Die Erhaltungspflicht des Vermieters nach § 3 Abs 2 Z 2a MRG erfasst alle zur Erzeugung, Weiterleitung und Abgabe von Wärme und Warmwasser dienenden Einrichtungen einer Heizungs- oder Warmwasserversorgungsanlage
GZ 5 Ob 51/23w, 11.01.2024
OGH: Im Vollanwendungsbereich des MRG ist die Erhaltungspflicht des Vermieters abschließend und zwingend in § 3 MRG geregelt. Danach hat der Vermieter nach Maßgabe der rechtlichen, wirtschaftlichen und technischen Gegebenheiten und Möglichkeiten dafür zu sorgen, dass das Haus, die Mietgegenstände und die der gemeinsamen Benützung der Bewohner des Hauses dienenden Anlagen im jeweils ortsüblichen Standard erhalten und erhebliche Gefahren für die Gesundheit der Bewohner beseitigt werden. Welche Arbeiten als solche Erhaltungsarbeiten gelten, ist in § 3 Abs 2 MRG taxativ aufgezählt.
Im Gegensatz zur früheren Rechtslage umfasst die Erhaltungspflicht des Vermieters gem § 3 Abs 2 Z 2a MRG idF WRN 2015 auch die Arbeiten, die zur Erhaltung von mitvermieteten Heizthermen, mitvermieteten Warmwasserboilern und sonstigen mitvermieteten Wärmebereitungsgeräten in den Mietgegenständen des Hauses erforderlich sind.

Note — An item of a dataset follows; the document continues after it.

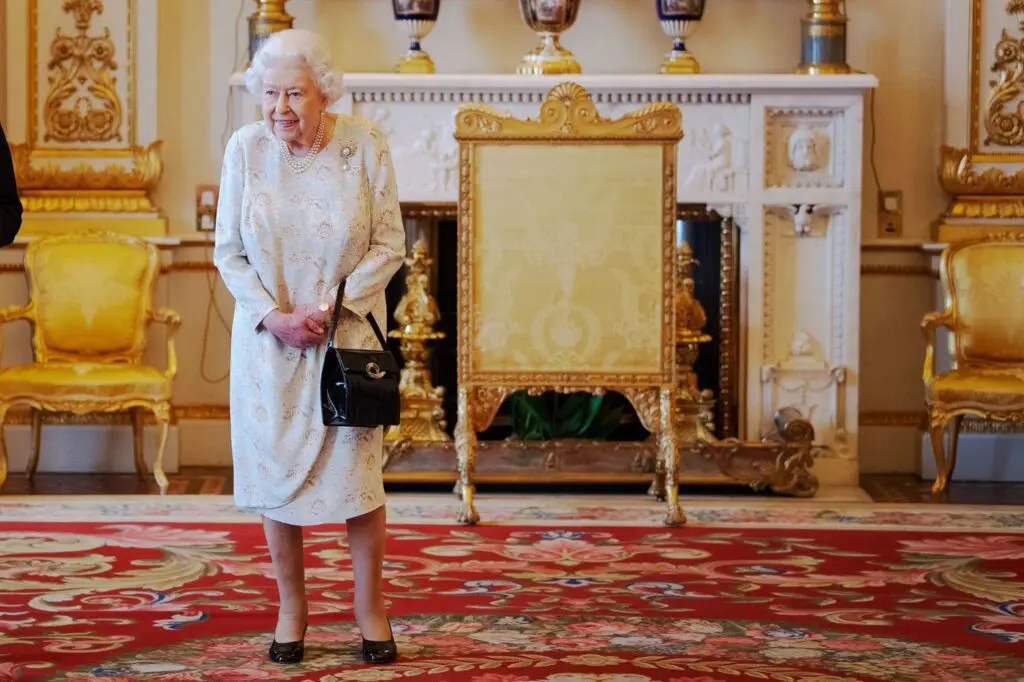 Article-What-Does-the-Queen-Even-Keep-in-Her-Tiny-House-Purse-Claire-Lampen-for-The-Cut - Cats & Coffee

Die Lehre vertritt unter Verweis auf den Zweck der Regelung des § 3 Abs 2 Z 2a MRG im Wesentlichen einhellig die Auffassung, dass die neue Erhaltungspflicht des Vermieters sehr weit auszulegen sei und daher alle Teile einer objektinternen Heizungs- und/oder Warmwasserversorgungsanlage erfasse. Der erkennende Senat schließt sich dieser Meinung an: Die Erhaltungspflicht des Vermieters nach § 3 Abs 2 Z 2a MRG ist aus teleologischen Gründen weit auszulegen; sie erfasst daher alle zur Erzeugung, Weiterleitung und Abgabe von Wärme und Warmwasser dienenden Einrichtungen einer Heizungs- oder Warmwasserversorgungsanlage.
Diese Voraussetzungen haben die Vorinstanzen hier zutreffend bejaht: Die Geräusche, die die Ruhe im festgestellten Ausmaß stören, während des Heizbetriebs dauerhaft zu hören sind und auf eine nicht fachgerechte Installation oder Montage zurückgehen, bedeuten eine Einschränkung der Brauchbarkeit und Reparaturbedürftigkeit. In Hinblick auf die Art, Intensität und Dauer der Geräusche ist ein Mangel und die Notwendigkeit einer Erhaltungsarbeit zu bejahen.